Uma segunda decepção pra mim foram as soluções para os problemas da trama aparecendo bem ao modo do Curinga: tiradas da cartola. As decisões mais importantes para o andamento da história foram sempre tomadas por causa de informações que apareceram do nada, sem base nenhuma. Dava aquela sensação de que a autora inventou aquela coisa nova só pra dar certo no enredo. Exemplo disso é o ponto da trama quando a coisa toda começa ir de mal a pior, e, pra resolver a situação, Jest aparece dizendo algo como “ah, o corvo me lembrou de que (inserir aqui informação importantíssima).
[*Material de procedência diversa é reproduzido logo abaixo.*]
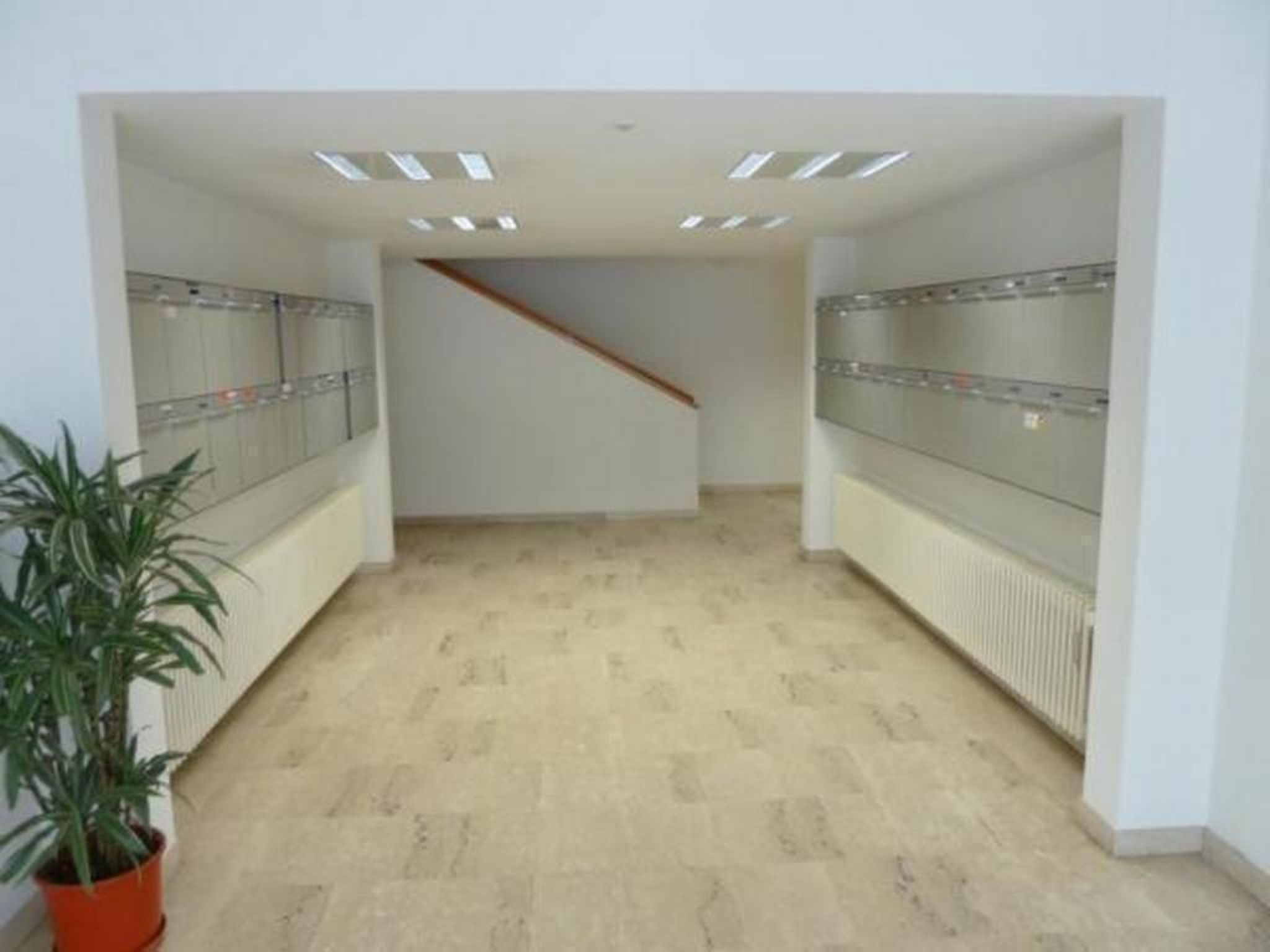 Derby 19-Image-tags.info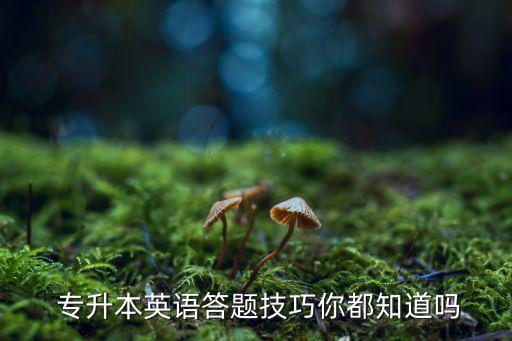  專升本英語答題技巧你都知道嗎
Se fizermos isso, tudo pode dar certo!”.

sem coração marisa meyer
(Foto Divulgação)

Sério mesmo que a ação que vai definir toda a história a partir desse ponto foi baseada em uma informação tirada do bolso (ou melhor, do bico) de um dos personagens mais irrelevantes do livro? E ainda por cima passada de segunda mão?

Juro que depois dessa eu dei uma paradinha e repensei minhas escolhas de vida.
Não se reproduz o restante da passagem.